Class of stews, broths, and stocks

Yakhni (یخنی, يخني, یخنی, यख़नी, γιαχνί), yahni (Turkish), or yahniya (яхния, Serbian, јанија), jahni (Albanian), iahnie (Romanian) is a class of dishes traditionally prepared in a vast area encompassing South Asia, the Middle East and the Balkans. Generally, it is a stew of meat and vegetables.

== History ==
A meat stew named yakhni originated as a Medieval Iranian cuisine. The name derives from the covered clay pot in which it was originally cooked. The meaning of the Persian word is "store of food". Different varieties of this dish later spread eastwards to Afghanistan, Uzbekistan and much later to South Asia and westwards to the Ottoman Empire reaching the Levant, Egypt, Libya, and the Balkans.

==Etymology==

The word yakhni (یخنی) was borrowed into Ottoman Turkish from Farsi. Lexicographer James Redhouse defined the word in his 1890 English-Ottoman Turkish as a "stew of fish or meat". The Arabic yakhni (يخني) was loaned from Turkish.

== Varieties ==

In Iranian cuisine, yakhni is a meat stew akin to khoresh, while yakhni-polow is a pilaf cooked in a stew.

In Arab, Albanian, Greek, and Turkish cuisines, it is a stew of meat, fish, or vegetables in a browned-onion base with tomatoes and olive oil. Garlic and spices are a common addition in some cuisines. In Bulgarian cuisine and Romanian cuisine, sunflower oil is used instead of olive oil.

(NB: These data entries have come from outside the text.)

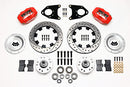 Wilwood Forged Dynalite Front Kit 12.19in Drilled Red 71-80 Pinto/Mustang II Disc & Drum-2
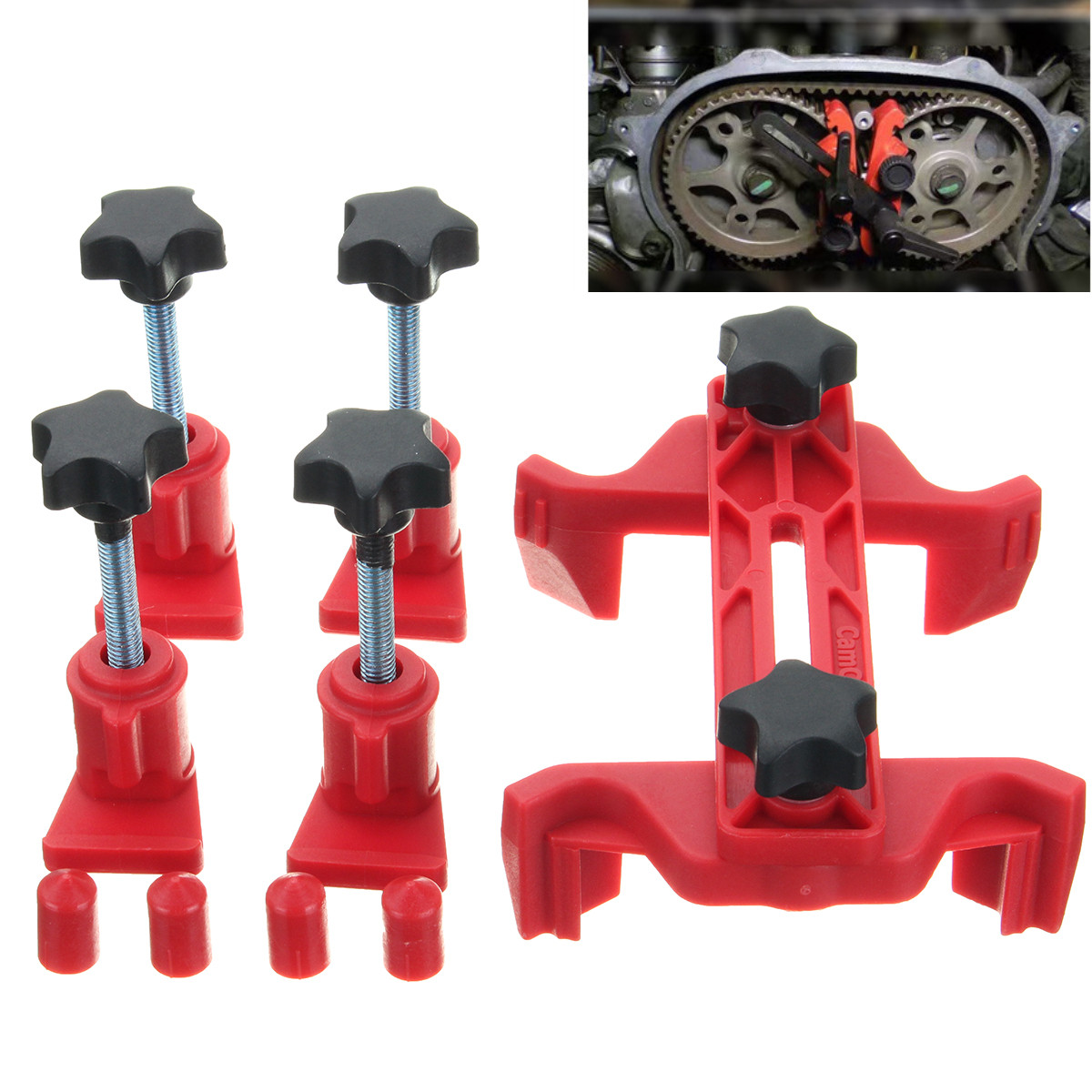 9Pcs Universal DIY Automobiles Dual Cam Clamp Camshaft Engine Timing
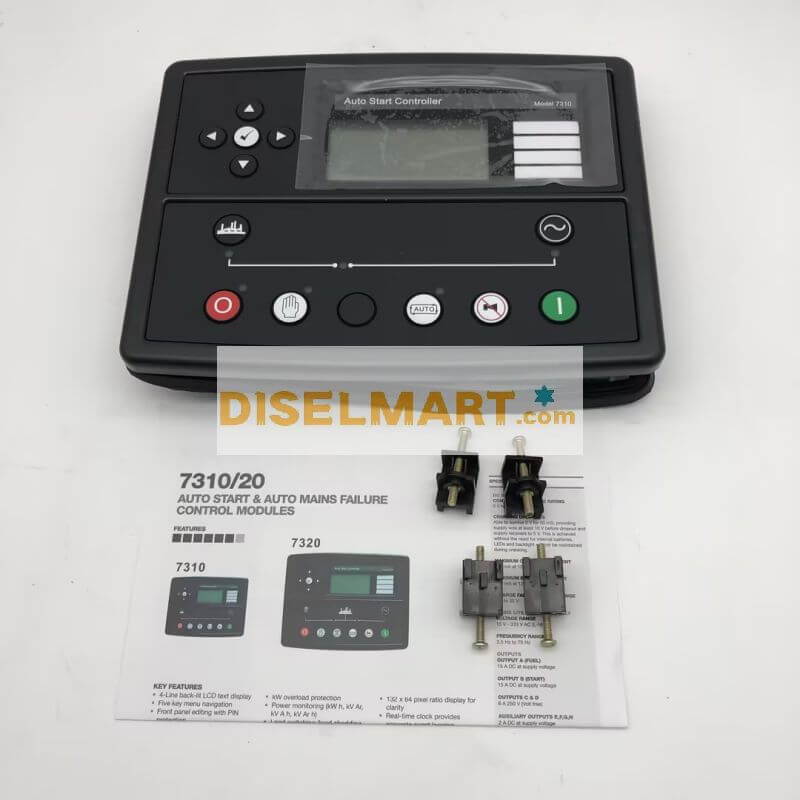 Módulo de controle de partida automática para gerador DSE7310 da DSE Deep Sea Electronics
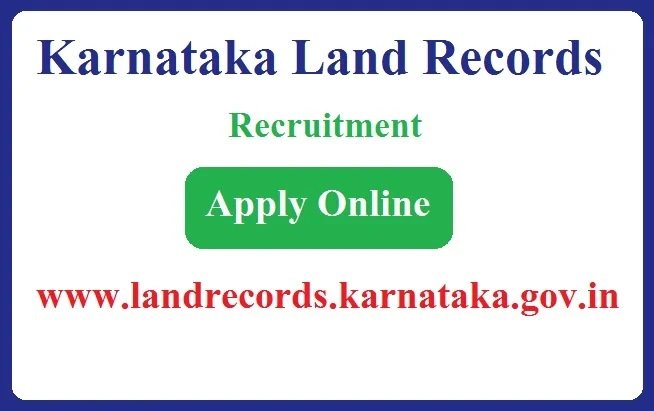 Karnataka Land Records Recruitment 2024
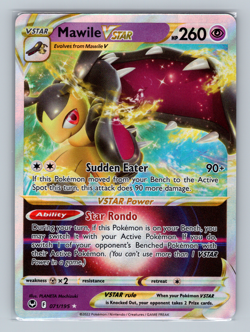 Mawile VSTAR 071/195 SWSH12 Silver Tempest Ultra Rare Holofoil Pokemon TCG NM - Image 1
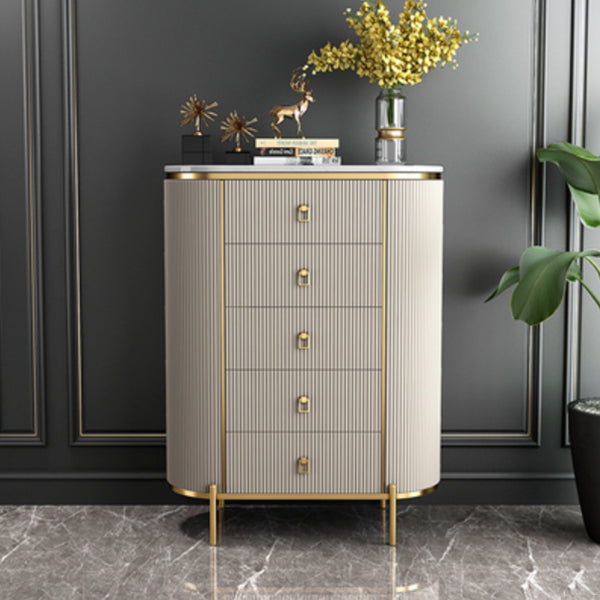 Wood Dining Room Sideboard Cabinet Glam Buffet Server Cabinet with Drawers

In the Arab World, yakhni typically accompanies rice or bulgur. Gazan yakhni is traditionally served with maftoul.

In the northern Indian subcontinent, yakhni refers to stock or broth of beef, chicken, lamb or mutton. It is touted for its health benefits and is often the base for many foods including pulao (a pilaf) and other shorbas (soups). In Kashmiri cuisine, yakhni is a light, yogurt-based meat dish, usually made with mutton or chicken. Flavored with fennel, ginger, and cardamom. It is commonly served with rice.

In Bangladesh, akhni is a mixed rice dish and variant of the biryani and polao dishes.

A version of the dish is also part of the Romani cuisine.

In Romanian cuisine, the term iahnie de fasole refers to a style of baked beans, often cooked or served with smoked meat and sausages (fasole cu cârnați).

Fasoulia yakhni is a stew of olive oil, green beans, tomatoes, and onions that may contain meat, it is common in the Balkans and the middle east, Lebanese fasoulia yakhni is made with white beans.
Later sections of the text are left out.